To achieve this, Laure uses a variety of techniques available in the great versatile tool that is transmission electron microscopy (TEM), in particular atomic resolution imaging techniques such as high-angle annular dark field (HAADF) scanning (S)TEM and high-resolution TEM in conventional and aberration-corrected transmission electron microscopes.

Prof. Michael James

Australian Synchrotron

A landmark national research facility shining light across a diverse scientific landscape

The Australian Synchrotron is one of Australia’s premier research facilities and, at about $300 million, represents one of the biggest single investments in scientific excellence in the nation’s history. Operated by the Australian Nuclear Science and Technology Organisation, the Australian Synchrotron produces intense beams of X-ray and infrared light at its ten experimental endstations, providing unique research capabilities.

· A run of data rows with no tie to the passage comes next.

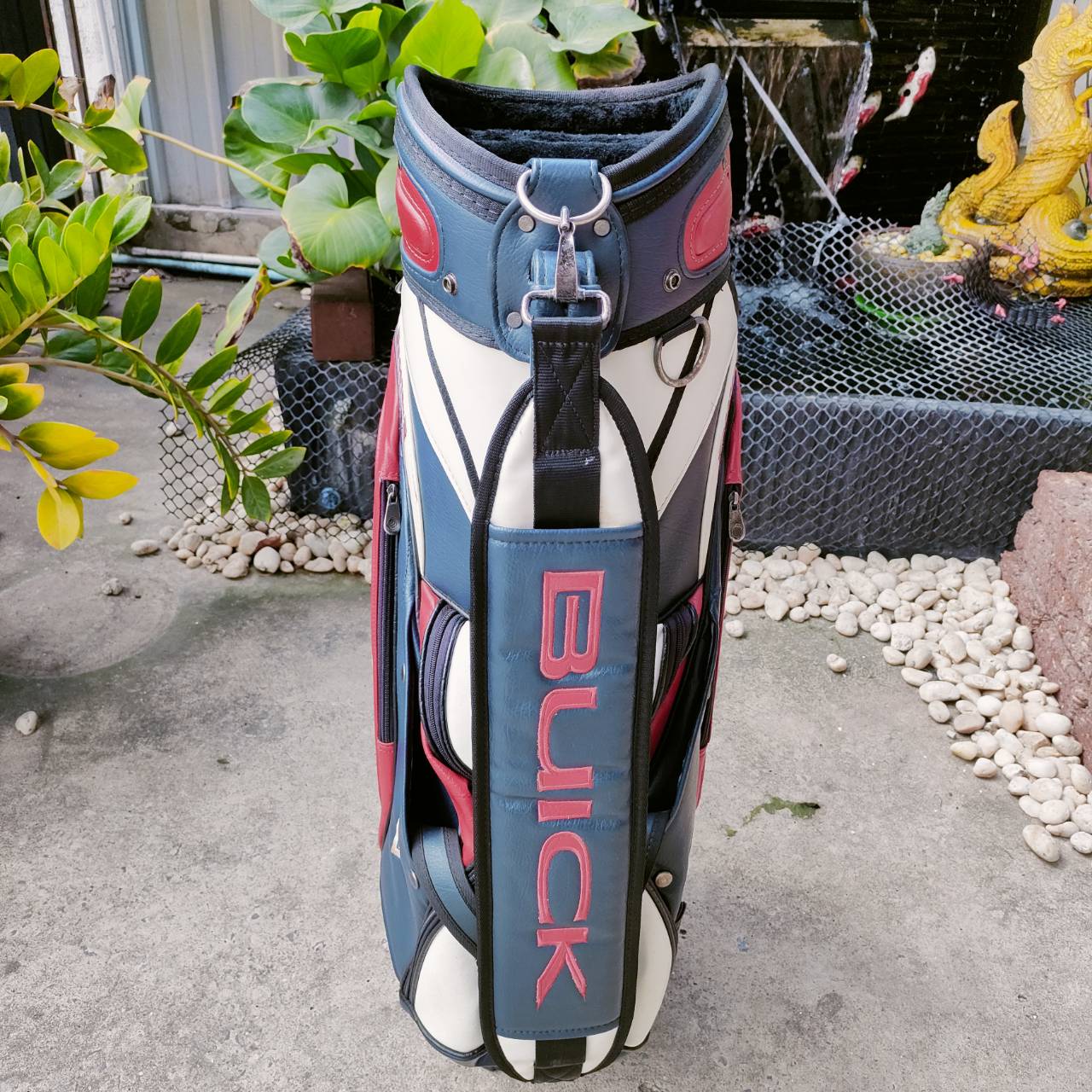 ถุงกอล์ฟ BUICK รุ่น TIGER WOODS ของแท้ มือสอง หายากมาก ราคาแพง ภายในบุกำมะหยี่ ถุงสวยมากๆ ไม้กอล์ฟพรีเมี่ยมมือสอง ของแท้ By NakaraLuxurious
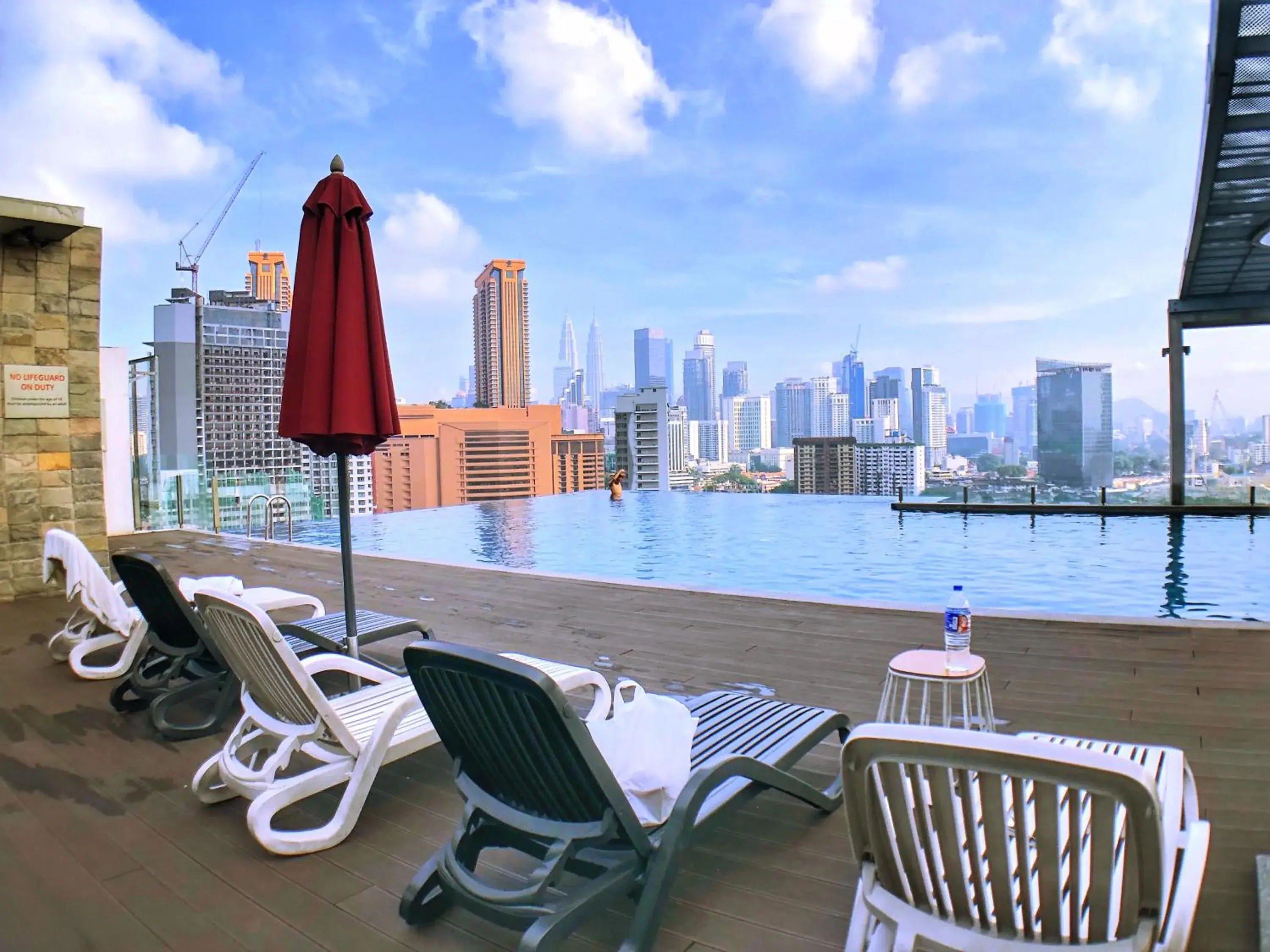 Swimming pool in Greystone D' Majestic Place Swimming pool in Greystone D' Majestic Place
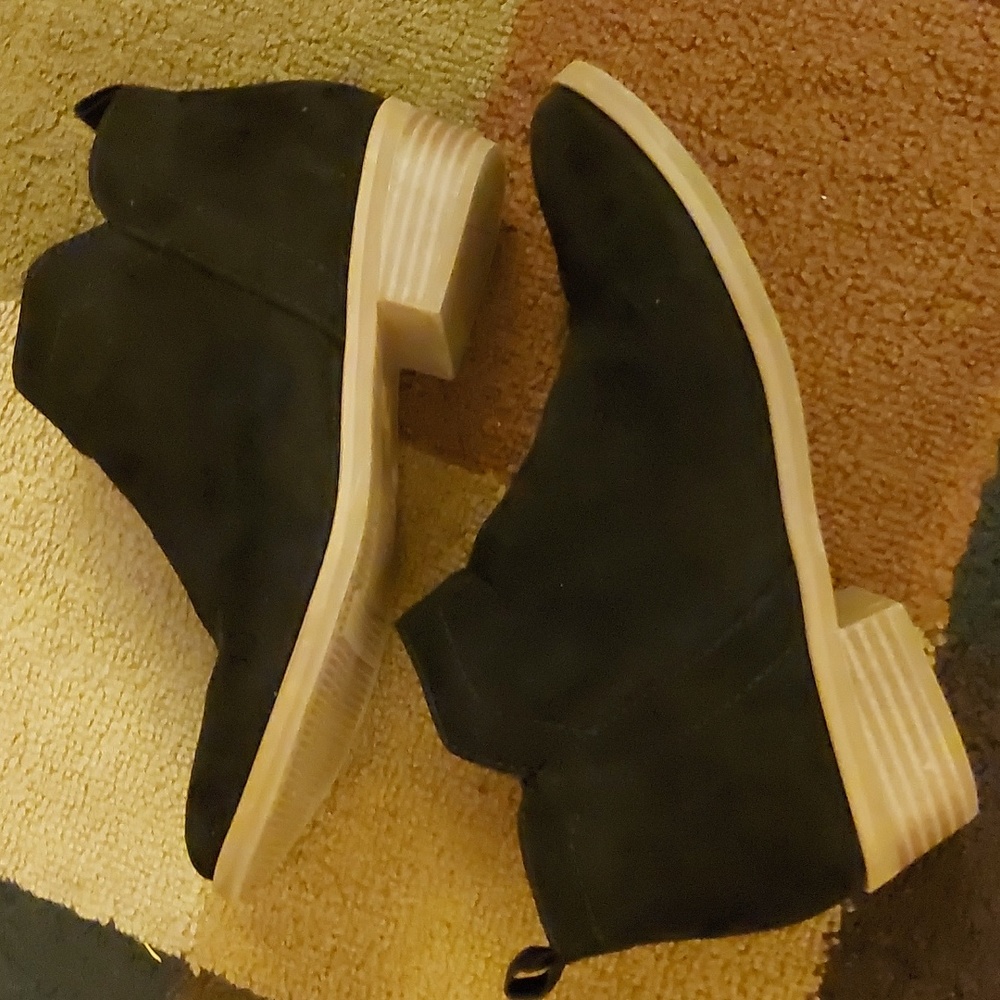 Ankle boots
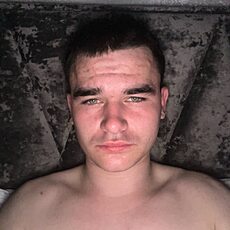 Фотография мужчины Олег, 19 лет из г. Тимашевск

The Australian Synchrotron is not only an experimental facility, staffed by ~135 scientists, engineers, technicians, and support staff.  At its heart are two highly tuned electron accelerators: a 100 million volt (MeV) linear accelerator that sets packets of electrons moving at relativistic speeds just under the speed of light, before injecting then into the 3 billion volt (3 GeV) booster synchrotron that increases their mass by a factor of ~60.  As these high-energy packets of electrons interact with specialised magnetic devices that steer and focus the electron beam around the synchrotron storage ring they generate intense beams of synchrotron light that are used for a huge range of research applications.

Bio: Michael has a BSc from the University of Sydney and a PhD in inorganic chemistry from the University of Cambridge, UK. Prior to joining the Australian Synchrotron as Head of Science in January 2013, he was a senior principal research scientist at ANSTO, team leader of the Chemical Deuteration Laboratory and instrument scientist for the PLATYPUS Time-of-Flight neutron reflectometer, which he designed and built at ANSTO's OPAL research reactor.

Michael currently leads a team of more than 60 staff that operates the Beamlines, IT & Scientific Computing facilities and User Office at the Australian Synchrotron. His research interests include numerous areas of neutron and X-ray scattering; predominantly relating to the study atomic and molecular structures of technologically advanced materials. He has published more than 140 scientific peer-reviewed publications. His research interests include the development of new magnetic materials and molecular sensors, as well as the study of chemical reactions that take place at surfaces, including biochemical reactions that take place at cellular membranes.

Dr. Agustin Schiffrin

School of Physics & Astronomy and Monash Centre for Atomically Thin Materials, Monash University

Dr. Bent Weber

School of Physics & Astronomy and Monash Centre for Atomically Thin Materials, Monash University

A Brief Status Report on Scanning Tunneling Microscopy

The invention of the scanning tunneling microscope (STM) in the early 1980’s by Rohrer and Binnig – who soon after won the Nobel Prize in Physics in 1986 – revolutionised the fields of microscopy, advanced materials science and nanotechnology.

This technique relies on the quantum mechanical tunneling effect, according to which a small electric current can flow between two conducting materials separated by a distance on the order of a nanometer. The measurement of such tiny currents allows for the reconstruction of the real-space topography of surfaces with unprecedented atomic-scale resolution.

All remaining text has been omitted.